Music Industry

Weekly Music Sales Report and Analysis: 22 April 2015

Apologies for the lateness again, but it’s been a crazy week.  Let’s start with Canada.

There are five new entries in the Top Ten keeping overall album sales  up 2% over the same period in 2014. Physical CD sales down 6% year-to-date over 2014. Digital album sales up a healthy 12% year-to-date over 2014. Digital track sales are down 5% year-to-date over 2014.

Those five debuts are Handwritten from Shawn Mendes (#1, 14,000 units sold), Tyler The Creator’s Cherry Bomb (#5, 3,400), Love Somebody from Reba (#6, 3,300), Into the Wild Life from Halestorm (#7, 3,000) and Randy Bachman’s Heavy Blues (#9, 2,600).
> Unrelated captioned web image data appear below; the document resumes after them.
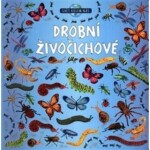 Drobní živočichové - Kolektiv autorů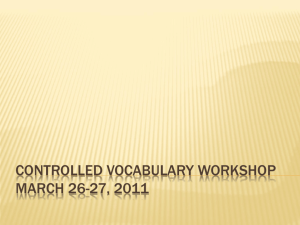 Controlled Vocabulary Workshop March 26-27, 2011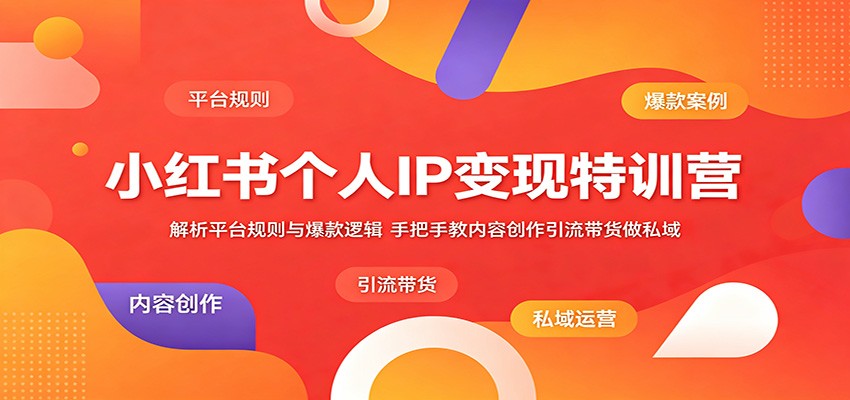 小红书个人IP变现特训营：解析平台规则与爆款逻辑，手把手教内容创作引流带货做私域-洛柒笔记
The biggest digital track is still “See You Again” from Wiz Khalifa (36,000 downloads). It’s also the most-streamed songs (1.6 million listens) followed by “Uptown Funk” from Mark Ronson and “Thinking Out Loud” from Ed Sheeran.

In the US, Shawn Mendes (a Canadian kid, right?) pulled a Bieber by debuting at #1 on the album chart with 119,000 units. At 16, he’s the youngest artist to have a #1 album in five years. (Bieber was 16 years and 2 months old when he had his #1; Mendes is 16 years and 8 months old.) Not bad for a guy who started out by releasing Vine videos, huh? Weirdly, he made it to #1 without any substantial radio airplay.  What does that tell you about how his fanbase acquires their music?

After Mendes, we have debuts from Reba (#2, 59,000 units), Halestorm (#3, 53,000), Tyler The Creator (#4, 51,000) and Dwight Yoakam’s Second Hand Heart (#7, 21,000). Wiz Khalifa holds down the #1 spot on the digital charts with 375,000 downloads of “See You Again.”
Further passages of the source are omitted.